-------- Listed entries
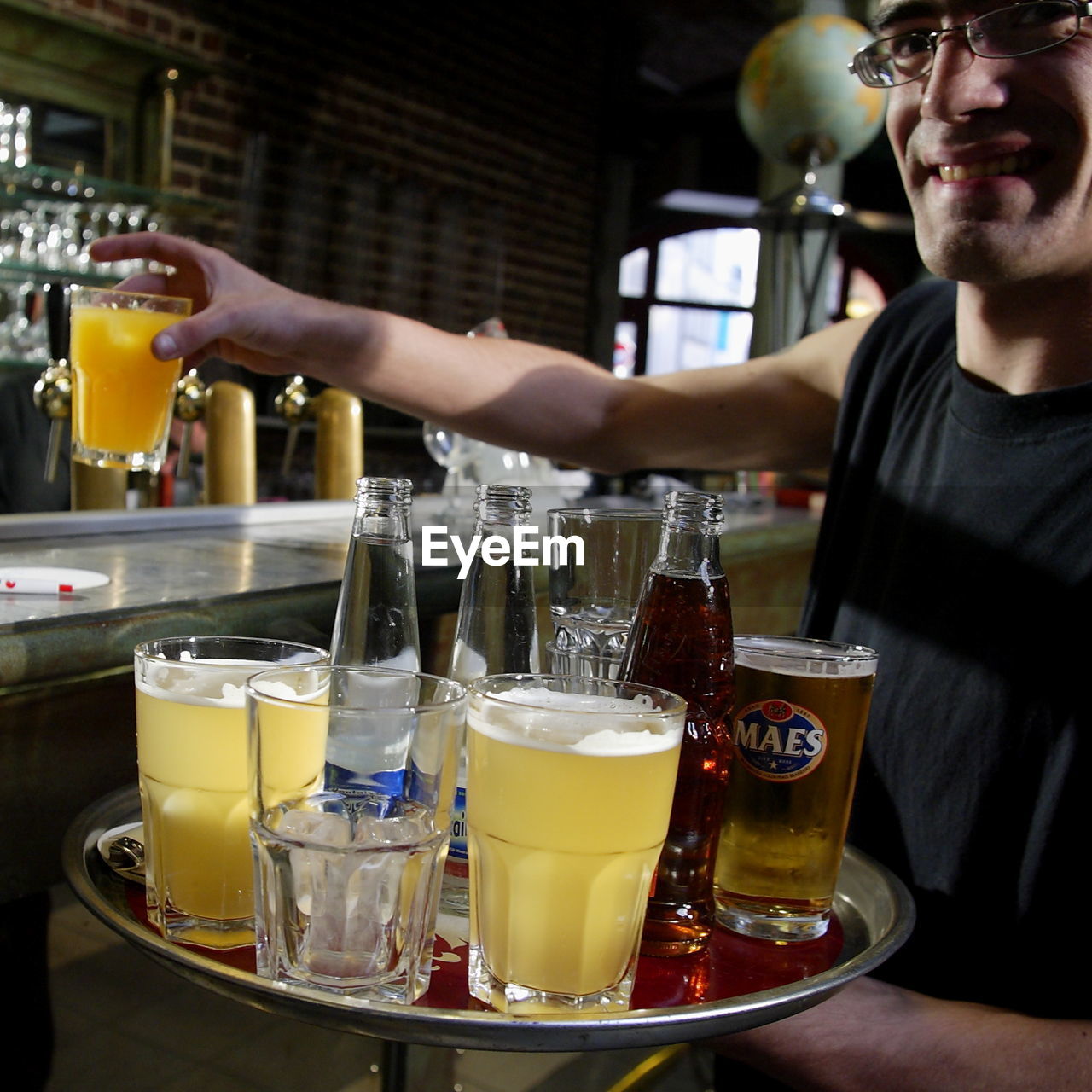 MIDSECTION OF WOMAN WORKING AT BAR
----------------
-------- Listed entries
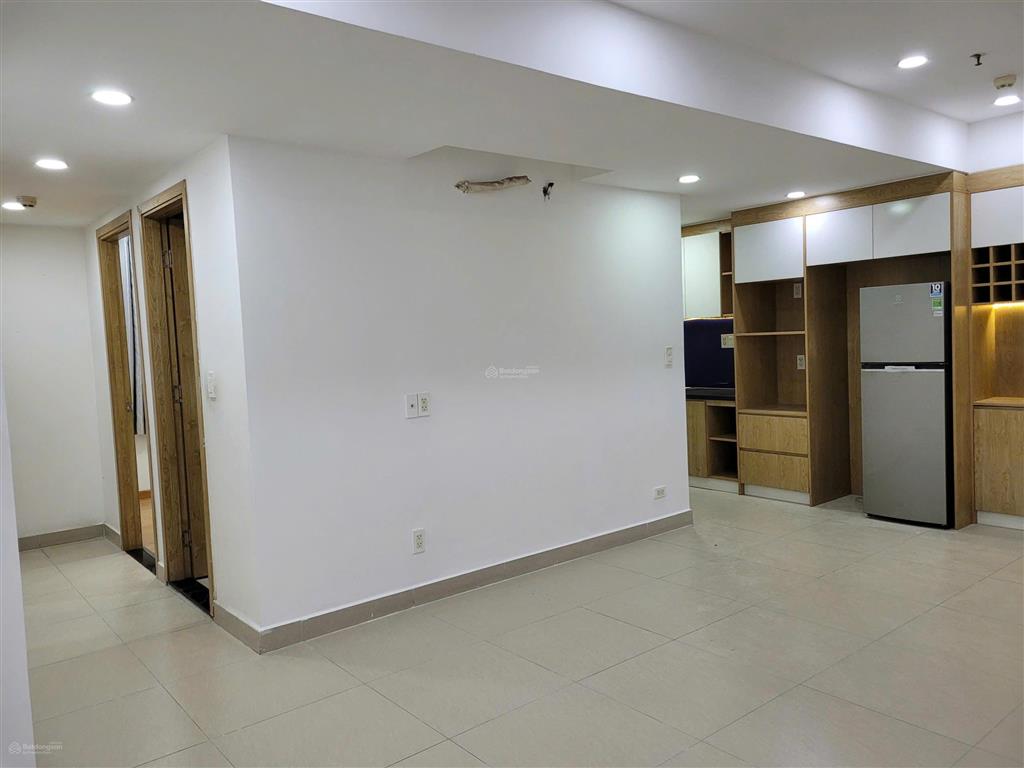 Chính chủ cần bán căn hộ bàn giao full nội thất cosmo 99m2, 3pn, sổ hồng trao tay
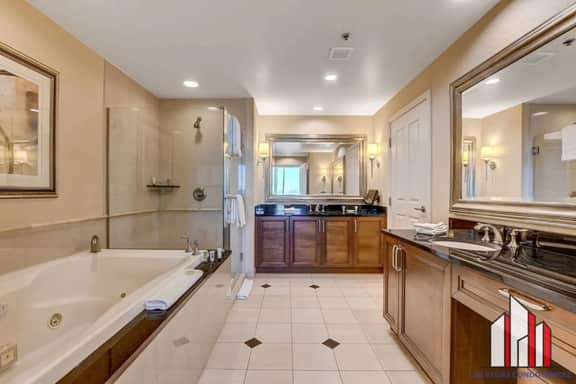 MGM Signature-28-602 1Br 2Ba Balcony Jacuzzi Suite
----------------
-------- Listed entries
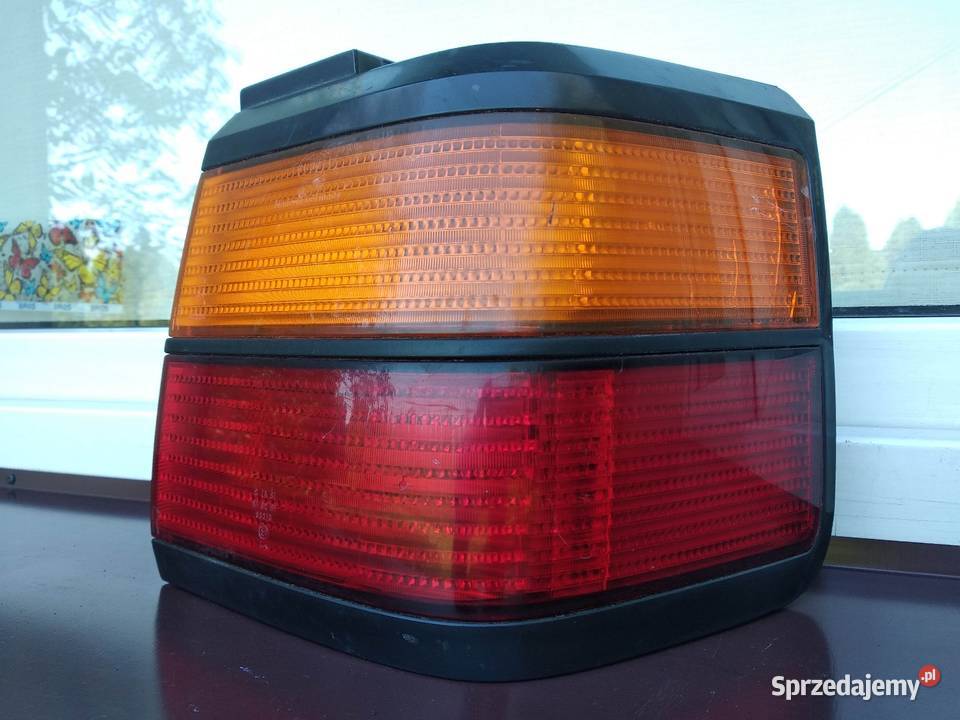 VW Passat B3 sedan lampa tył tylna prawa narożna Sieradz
----------------
- **Your goal**
Look above for the line with "Chính chủ cần" and the line with "MGM Signature-28-602 1Br". Copy them and every line between, exactly, but no pictures.

- **Answer space**
 Chính chủ cần bán căn hộ bàn giao full nội thất cosmo 99m2, 3pn, sổ hồng trao tay
 MGM Signature-28-602 1Br 2Ba Balcony Jacuzzi Suite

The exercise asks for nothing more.